Re: [PATCH v5 09/10] KVM: Disable manual dirty log when dirty ring enabled
Posted by Paolo Bonzini 4 years, 8 months ago
On 22/03/21 10:17, Keqian Zhu wrote:
> Hi Peter,
> 
> On 2021/3/11 4:33, Peter Xu wrote:
>> KVM_CAP_MANUAL_DIRTY_LOG_PROTECT2 is for KVM_CLEAR_DIRTY_LOG, which is only
>> useful for KVM_GET_DIRTY_LOG.  Skip enabling it for kvm dirty ring.
>>
>> More importantly, KVM_DIRTY_LOG_INITIALLY_SET will not wr-protect all the pages
>> initially, which is against how kvm dirty ring is used - there's no way for kvm
>> dirty ring to re-protect a page before it's notified as being written first
>> with a GFN entry in the ring!  So when KVM_DIRTY_LOG_INITIALLY_SET is enabled
>> with dirty ring, we'll see silent data loss after migration.
> I feel a little regret that dirty ring can not work with KVM_DIRTY_LOG_INITIALLY_SET ...
> With KVM_DIRTY_LOG_INITIALLY_SET, we can speedup dirty log start. More important, we can
> enable dirty log gradually. For write fault based dirty log, it greatly reduces the side
> effect of dirty log over guest.
> 
> I hope we can put forward another similar optimization under dirty ring mode. :)

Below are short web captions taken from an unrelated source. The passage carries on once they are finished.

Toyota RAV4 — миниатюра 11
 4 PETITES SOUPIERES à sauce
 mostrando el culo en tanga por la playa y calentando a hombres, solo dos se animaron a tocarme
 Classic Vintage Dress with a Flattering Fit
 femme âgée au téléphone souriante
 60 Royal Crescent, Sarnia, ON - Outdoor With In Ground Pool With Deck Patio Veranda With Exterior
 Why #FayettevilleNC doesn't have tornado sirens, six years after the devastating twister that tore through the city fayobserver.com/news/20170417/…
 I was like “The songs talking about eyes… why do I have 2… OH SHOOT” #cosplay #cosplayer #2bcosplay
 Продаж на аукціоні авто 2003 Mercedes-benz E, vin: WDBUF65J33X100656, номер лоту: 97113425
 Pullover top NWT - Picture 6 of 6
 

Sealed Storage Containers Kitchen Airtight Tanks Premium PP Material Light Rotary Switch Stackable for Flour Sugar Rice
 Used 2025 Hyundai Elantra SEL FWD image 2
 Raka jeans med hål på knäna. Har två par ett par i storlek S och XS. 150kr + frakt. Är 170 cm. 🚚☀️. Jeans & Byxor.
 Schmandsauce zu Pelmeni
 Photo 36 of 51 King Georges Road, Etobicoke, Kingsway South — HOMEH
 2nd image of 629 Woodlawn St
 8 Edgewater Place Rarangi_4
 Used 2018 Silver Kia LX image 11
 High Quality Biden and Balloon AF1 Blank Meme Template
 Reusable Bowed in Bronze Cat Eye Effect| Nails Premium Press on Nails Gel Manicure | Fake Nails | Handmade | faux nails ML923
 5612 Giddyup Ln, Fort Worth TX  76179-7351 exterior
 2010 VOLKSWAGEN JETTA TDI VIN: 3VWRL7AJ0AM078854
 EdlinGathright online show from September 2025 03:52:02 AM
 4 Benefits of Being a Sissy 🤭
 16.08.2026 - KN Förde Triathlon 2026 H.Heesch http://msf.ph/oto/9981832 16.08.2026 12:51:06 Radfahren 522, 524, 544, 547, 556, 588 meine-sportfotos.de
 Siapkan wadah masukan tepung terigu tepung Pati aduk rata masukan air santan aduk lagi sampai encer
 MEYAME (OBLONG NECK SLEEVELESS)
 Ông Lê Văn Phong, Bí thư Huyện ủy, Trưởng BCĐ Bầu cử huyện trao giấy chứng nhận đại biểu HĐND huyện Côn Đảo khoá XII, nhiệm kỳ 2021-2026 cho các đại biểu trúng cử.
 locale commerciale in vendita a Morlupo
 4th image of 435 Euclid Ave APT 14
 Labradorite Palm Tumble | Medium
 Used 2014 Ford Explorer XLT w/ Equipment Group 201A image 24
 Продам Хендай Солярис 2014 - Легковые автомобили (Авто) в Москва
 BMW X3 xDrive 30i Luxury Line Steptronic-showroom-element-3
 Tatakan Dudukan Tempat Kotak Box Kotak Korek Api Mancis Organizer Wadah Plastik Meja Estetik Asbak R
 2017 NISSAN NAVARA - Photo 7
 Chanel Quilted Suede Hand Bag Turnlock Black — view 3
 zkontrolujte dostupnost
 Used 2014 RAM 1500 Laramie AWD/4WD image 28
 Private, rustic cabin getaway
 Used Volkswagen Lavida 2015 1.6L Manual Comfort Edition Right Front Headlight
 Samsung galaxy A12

Indeed, perhaps (even though KVM_GET_DIRTY_LOG does not make sense with 
dirty ring) we could allow KVM_CLEAR_DIRTY_LOG.

Paolo


Re: [PATCH v5 09/10] KVM: Disable manual dirty log when dirty ring enabled
Posted by Peter Xu 4 years, 8 months ago
On Mon, Mar 22, 2021 at 02:55:44PM +0100, Paolo Bonzini wrote:
> On 22/03/21 10:17, Keqian Zhu wrote:
> > Hi Peter,
> > 
> > On 2021/3/11 4:33, Peter Xu wrote:
> > > KVM_CAP_MANUAL_DIRTY_LOG_PROTECT2 is for KVM_CLEAR_DIRTY_LOG, which is only
> > > useful for KVM_GET_DIRTY_LOG.  Skip enabling it for kvm dirty ring.
> > > 
> > > More importantly, KVM_DIRTY_LOG_INITIALLY_SET will not wr-protect all the pages
> > > initially, which is against how kvm dirty ring is used - there's no way for kvm
> > > dirty ring to re-protect a page before it's notified as being written first
> > > with a GFN entry in the ring!  So when KVM_DIRTY_LOG_INITIALLY_SET is enabled
> > > with dirty ring, we'll see silent data loss after migration.
> > I feel a little regret that dirty ring can not work with KVM_DIRTY_LOG_INITIALLY_SET ...
> > With KVM_DIRTY_LOG_INITIALLY_SET, we can speedup dirty log start. More important, we can
> > enable dirty log gradually. For write fault based dirty log, it greatly reduces the side
> > effect of dirty log over guest.
> > 
> > I hope we can put forward another similar optimization under dirty ring mode. :)
> 
> Indeed, perhaps (even though KVM_GET_DIRTY_LOG does not make sense with
> dirty ring) we could allow KVM_CLEAR_DIRTY_LOG.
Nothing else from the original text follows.